Used Car Price Prediction

The quest to build an automobile started in 1672 with the invention of the first steam-powered vehicle. However, the first practical modern automobile was developed by Carl Benz in 1886, and later the Ford T model became the first mass-produced automobile in 1908. It was around this time that the car reselling industry also started emerging. Until recently, the reselling business operated only through offline channels. However, now with advancements in Computer Science and Information Technology the business moved online and customers could check the price of their old vehicles with the help of artificial intelligence online.

We are a team of 6 members working as data analyst interns at Technocolabs softwares. We have built a machine learning model to predict the prices of used vehicles for Truecar.Inc an US based automotive resale and pricing website.

Python was used for EDA, feature engineering, and model building, and Flask and AWS were used for deployment.

The Dataset

Price - The Price of the car.
Year - The year in which the car was registered. The data ranges from 1997 - 2018 i.e 22 years.
Milage - Total miles the car has been driven.
City - The city in which car is registered. Total number of such cities are 2446
State - The state in which car is registered. Total number of such states are 51.
Vin - A unique number which identifies the vehicle.
Make - The company which manufactured the car. Total number of such comanies are 58.
Model - Model name of the car. Total number of such models are 3107.

Process Flow

1. Importing Libraries and Data

The first step was to import the required libraries for Data importing, data manipulation, mathematical calculations, visualisation and to import functions related to algorithm. The libraries - Pandas, Numpy, Scipy, Matplotlib, seaborn and sklearn.

2. Exploratory Data Analysis (EDA)

The dataset was explored and some analysis was done performed on it to reveal insights which are difficuilt to find in the raw data. So in EDA the first step was to check for Shape of the data then checking for Null values and Duplicate values. With the use of df.describe function the count, mean, standard deviation and the Inter quartile range was found.
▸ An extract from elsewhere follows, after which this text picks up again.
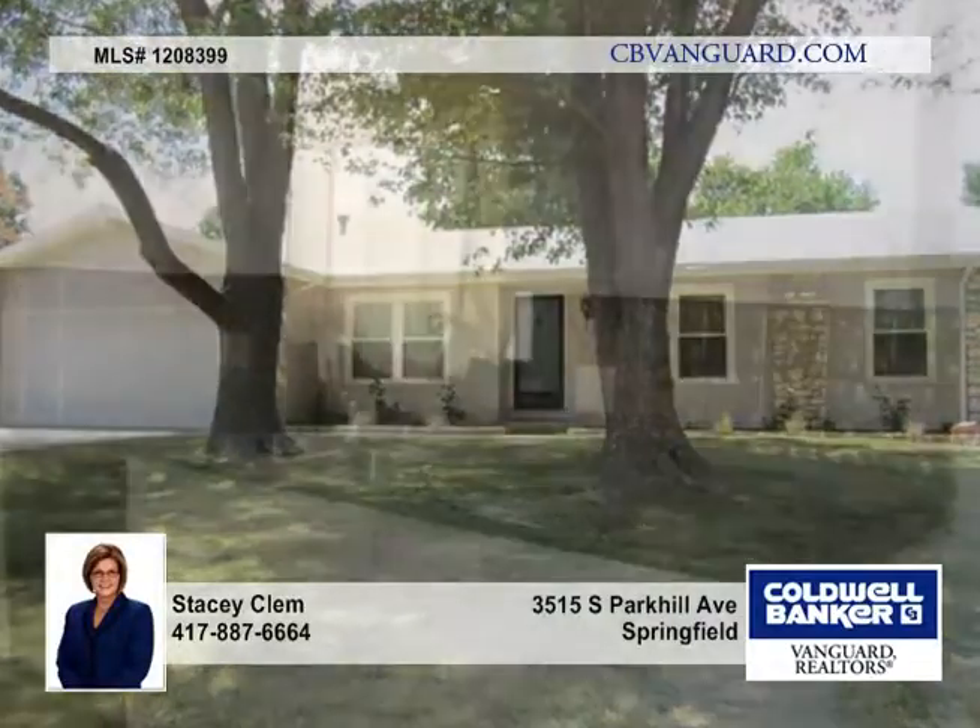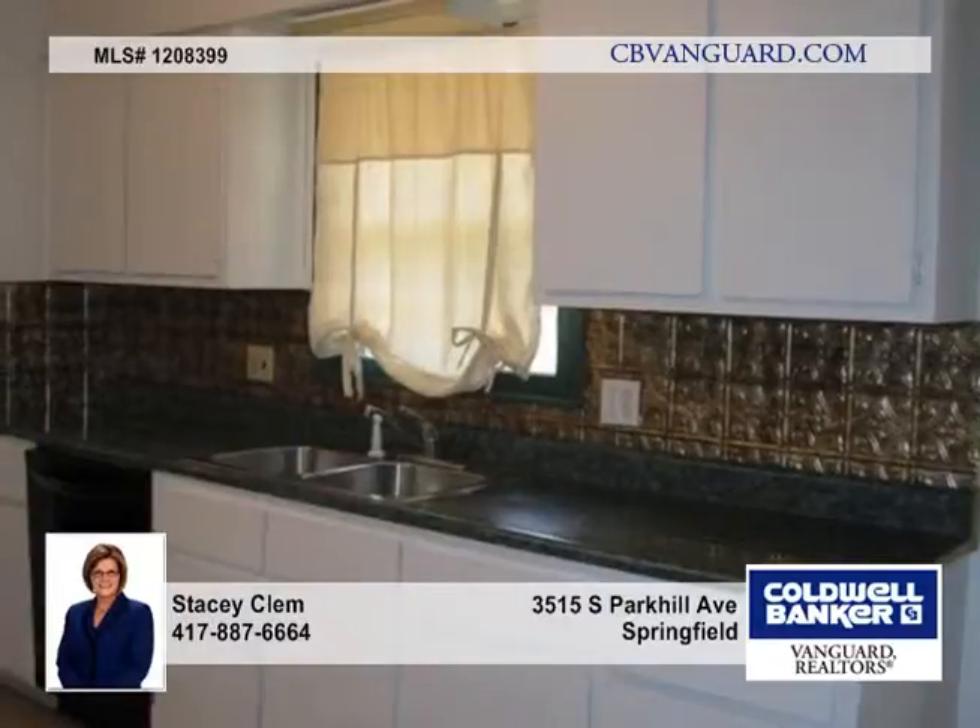Located on a quiet, tree-lined street is this darling, maintenance-free exterior home.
Then Univariate analysis was performed with help of visualisations to check for Skewness, Kurtosis and outliers also the Count of diffrent features were obtained. Similarly Bivariate analysis was performed to find the relation between two or more than two features.

3. Feature Engineering

Encoding of the data was done using One hot encoding and Target encoding as the number of labels were very high under some features and encoding it directly would have given memory error so for encoding purpose the top 10 labels under each feature were considered. As the values in the data had a high range so it was necessary to scale down the numbers in the data in range of 0-1 which simplifies the calculation for the model we were going to build. So, we used the MinMaxScaler function from the Sklearn library to transform the data.

4. Feature Selection

4.1 Principle Component Analysis

The orignal dataset was encoded and hence had 39 columns representing different encoded features were present. So, here we applied 'Principal Component Analysis' to create clustures of data points which were closely related to each other and after applying PCA the number of features reduced from 39 to 8 and also total variance explained by the principle components was calculated. This can be a useful metric for evaluating the effectiveness of the dimensionality reduction process in retaining the original information in the dataset.

4.2 Multicolinearity

Then The 'Multicolinearity' between the independent variables was checked the variance inflation factor (VIF) is calculated for each feature in the 'x_train' dataset using the 'variance_inflation_factor()' function from the 'statsmodels' library. The VIF is a measure of the degree of multicollinearity between a feature and the other features in the dataset. A high VIF value indicates that the feature is highly correlated with other features, which can cause problems in some regression models. Finally, a pandas DataFrame is created with the VIF values and the column names are set to the feature names of the original dataframe (df). A heatmap was created using the seaborn library to visualise the results of Multicolinearity test.

4.3 Normality of Residual

A simple linear regression model is trained and the resulting predictions are stored in the 'y_pred' variable. The residual values (i.e., the differences between the actual and predicted target variable values) are calculated and a 'kernel density estimate (KDE) plot' of the residual values is generated using seaborn library. Additionally, a 'probability plot' (i.e., Q-Q plot) of the residual values is generated. The probplot() function plots the residuals against a theoretical distribution (in this case, the normal distribution) and visually indicates whether the residuals are normally distributed or not. These plots can be used to assess the distribution of the residuals and whether the assumptions of the linear regression model are being met.

4.4 Homoscadasticity

Homoscedasticity, also known as homogeneity of variance, is a statistical property that describes the condition in which the variance of the residuals is constant across the range of predicted values. It is an important assumption of linear regression modeling that should be assessed and satisfied for the model to be valid and reliable.A scatter plot is created where the x-axis represents the predicted values, while the y-axis represents the residuals. The scatter plot can be used to assess whether the linear regression model is making systematic errors (i.e., under- or over-predicting the target variable for a particular range of values), or whether the errors are random and evenly distributed across the range of predicted values. The scatter plot shows a distinct pattern which indicates that linear regression model is not capturing some important features of the data and needs to be improved.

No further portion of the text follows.